More than £25m was spent on bank and agency hospital workers in the last financial year, up £4.4m from the previous 12 months.

Hospital bosses are currently implementing a massive cost-cutting plan to save £55m which will see their 13,000-strong workforce cut by 700 over three years.

Leeds Teaching Hospitals NHS Trust directors were told that the largest increase in flexible staffing was through spending on agency staff, which had gone up 88 per cent and most of this related to doctors.

A report said: “This is of concern on the grounds of quality and cost and work is in hand to better understand and therefore address issues with the medical workforce.”

Plans for new rosters are in place, along with more controls over bringing in locum doctors.

Spending on bank nurses has fallen through them being used less and a renegotiation of a contract.

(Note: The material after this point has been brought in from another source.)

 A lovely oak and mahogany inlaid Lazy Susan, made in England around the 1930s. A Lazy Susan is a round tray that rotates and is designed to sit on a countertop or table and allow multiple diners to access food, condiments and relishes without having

Dr Pete Belfield, medical director, told the meeting that agency doctors were used to cover for sickness and for hard-to-fill vacancies, such as very specialist roles.

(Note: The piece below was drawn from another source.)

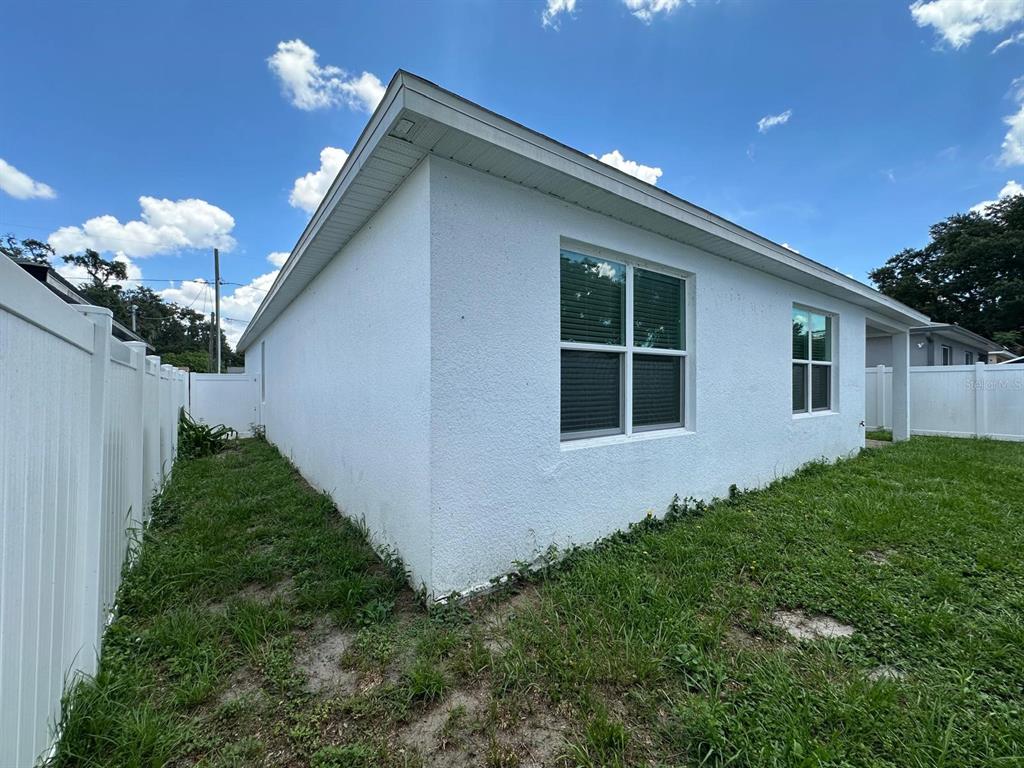 The exterior of a white stucco house features two windows and a white vinyl fence — 117 W MURPHY STREET, DAVENPORT, FL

He added that often they were waiting for a doctor to be able to take up the job permanently.

“While we are waiting for someone to come off the production line, we recruit agency staff,” Dr Belfield said.

“In the stroke service we are waiting for a definitive recruit and we have had a locum in oncology for a short period of time.”

Overall, staff numbers at the hospitals trust fell by the equivalent of almost 80 full-time workers over the last financial year, down by 0.6 per cent.

That was a slowdown from the change the previous year, when numbers fell by 358 full-time staff between April 2009 and March 2010, a drop of 2.6 per cent.

Since April 2010, medical and dental staff have increased by 3.3 per cent, including 24 consultants’ jobs.

Numbers of nurses and midwives, healthcare scientists, administrative and estates staff all fell. A report said that reflected efforts to improve efficiency and reduce staff numbers.

There was a 3 per cent increase in employees in additional clinical services, which includes clinical support workers who help registered nurses and midwives. The report added: “The increase in this staff group is part of the programme to change the workforce profile within the Trust.”